=== What you will do ===
Read through the records. Copy each line that has the word "Gold".

=== Dataset records ===
□ □ □ □ □

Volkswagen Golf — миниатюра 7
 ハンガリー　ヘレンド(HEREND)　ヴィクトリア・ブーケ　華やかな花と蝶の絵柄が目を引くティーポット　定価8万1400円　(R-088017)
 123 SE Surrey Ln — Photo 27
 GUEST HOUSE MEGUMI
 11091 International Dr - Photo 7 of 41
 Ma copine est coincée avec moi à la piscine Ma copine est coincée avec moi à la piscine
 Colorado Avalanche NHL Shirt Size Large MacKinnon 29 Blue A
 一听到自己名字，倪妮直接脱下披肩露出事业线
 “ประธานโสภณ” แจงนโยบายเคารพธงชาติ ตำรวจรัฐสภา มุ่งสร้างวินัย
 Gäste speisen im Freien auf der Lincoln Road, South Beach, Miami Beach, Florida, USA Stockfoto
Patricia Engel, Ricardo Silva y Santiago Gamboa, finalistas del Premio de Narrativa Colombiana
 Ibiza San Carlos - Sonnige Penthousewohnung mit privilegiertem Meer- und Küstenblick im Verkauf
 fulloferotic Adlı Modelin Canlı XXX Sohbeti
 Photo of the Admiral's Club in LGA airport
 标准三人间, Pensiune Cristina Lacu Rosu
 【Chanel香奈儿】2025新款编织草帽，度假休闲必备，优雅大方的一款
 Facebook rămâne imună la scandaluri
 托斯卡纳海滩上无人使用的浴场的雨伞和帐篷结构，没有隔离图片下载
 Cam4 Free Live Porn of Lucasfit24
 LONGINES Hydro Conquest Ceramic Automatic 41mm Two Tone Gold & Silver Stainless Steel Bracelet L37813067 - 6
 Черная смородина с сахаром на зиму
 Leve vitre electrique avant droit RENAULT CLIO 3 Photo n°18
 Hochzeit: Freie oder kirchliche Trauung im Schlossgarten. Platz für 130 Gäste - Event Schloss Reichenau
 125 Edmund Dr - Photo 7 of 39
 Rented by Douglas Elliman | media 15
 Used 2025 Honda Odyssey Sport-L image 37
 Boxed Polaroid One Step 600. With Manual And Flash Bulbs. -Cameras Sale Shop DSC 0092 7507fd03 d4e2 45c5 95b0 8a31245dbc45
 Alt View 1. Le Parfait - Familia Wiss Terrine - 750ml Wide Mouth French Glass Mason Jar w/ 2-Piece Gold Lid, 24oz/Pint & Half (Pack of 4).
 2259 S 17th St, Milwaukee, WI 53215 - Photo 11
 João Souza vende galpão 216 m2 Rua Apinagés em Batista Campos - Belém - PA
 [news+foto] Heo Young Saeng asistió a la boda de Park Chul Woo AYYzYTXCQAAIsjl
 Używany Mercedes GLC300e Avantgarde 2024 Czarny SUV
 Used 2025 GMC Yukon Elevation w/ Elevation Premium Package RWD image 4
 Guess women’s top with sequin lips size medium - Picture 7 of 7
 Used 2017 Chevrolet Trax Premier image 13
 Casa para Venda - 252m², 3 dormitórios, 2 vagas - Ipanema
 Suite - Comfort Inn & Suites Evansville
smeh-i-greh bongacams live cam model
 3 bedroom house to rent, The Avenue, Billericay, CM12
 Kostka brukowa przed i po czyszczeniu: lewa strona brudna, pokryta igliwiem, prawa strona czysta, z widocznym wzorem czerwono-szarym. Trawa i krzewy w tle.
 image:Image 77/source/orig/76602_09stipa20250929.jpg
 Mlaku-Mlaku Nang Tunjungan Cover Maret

□ □ □ □ □

=== Solution ===
 LONGINES Hydro Conquest Ceramic Automatic 41mm Two Tone Gold & Silver Stainless Steel Bracelet L37813067 - 6
 Alt View 1. Le Parfait - Familia Wiss Terrine - 750ml Wide Mouth French Glass Mason Jar w/ 2-Piece Gold Lid, 24oz/Pint & Half (Pack of 4).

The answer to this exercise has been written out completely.